A daycare owner has begged for forgiveness after a three-year-old boy was found dead in a hot van where he had been for more than 11 hours.
The little boy, Myles Hill, was discovered on Monday night in the van outside the Little Miracles Academy daycare center in Orlando, Florida.
Orlando Police Chief John Mina said it was likely the boy had been in the van since 9.30am on a day that topped 93 degrees.
The boy’s family reported him missing two hours after he was supposed to have returned home.
Audrey Thornton, who owns the daycare, begged for forgiveness from the boy’s family on Wednesday at an emotional press conference.
Thornton said she had just arrived home from work when she received the call that Myles was missing.
‘I just started screaming and hollering, and crying and crying and crying,’ she said.

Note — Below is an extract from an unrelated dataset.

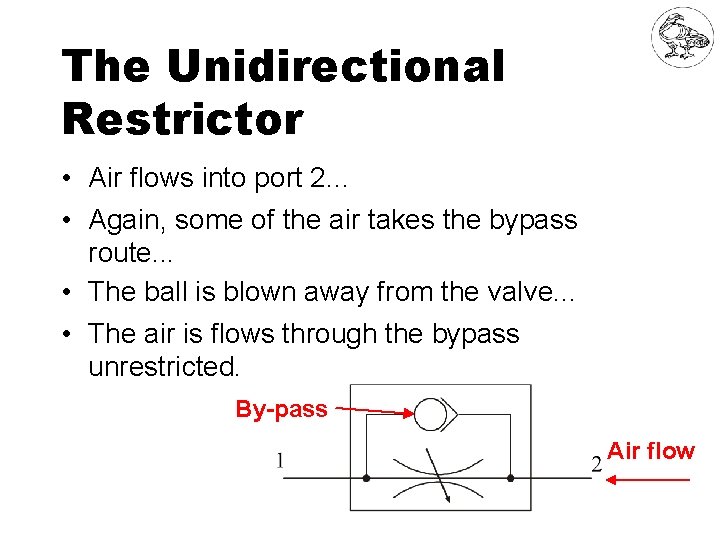 The Unidirectional Restrictor • Air flows into port 2. . . • Again, some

She begged Myles’ family for a chance to explain what happened.
‘I’m sorry for your loss and I don’t want you all to be upset with me and I loved Myles and I took care of Myles since he was a baby and if you all could forgive me,’ a tearful Thornton said.
‘I’m so sorry just give me a chance to talk to you and explain.’
‘Anyone who knows me… they know I took care of my kids, I love my kids. I give back to the community and I just want them to trust me and trust in me and that if I ever open back up this will never happen again.
Police revealed on Tuesday that the driver of the van will face criminal charges over Myles’ death.
The police chief wouldn’t say what charges the day care worker could face but says she has been cooperative.
Police said the child was supposed to have been dropped off in the morning at another Little Miracles Academy day care center instead of the location he was taken to.
When police arrived at the school later on Monday night, they found the young boy dead in the van.
The boy’s aunt, Barbara Livingston, said that when she asked daycare workers where her nephew was, they said he was ‘gone’.
‘(We) said, ‘Gone where?’ And she pointed at the van,’ Livingston told News 6. ‘I’m numb. I don’t know how to feel.’
A Florida Department of Children and Families inspection report from last month showed that the academy had been cited for not keeping track of children being transported.
‘The facility’s log for children transported did not include the following required elements: [destination time, arrival time, destination location and departure location.]. (Section 6.2, number 3) [SR],’ the DCF report said.
The rule requires day care centers to maintain logs of the time children arrive, where they were supposed to be transported and what time they departed.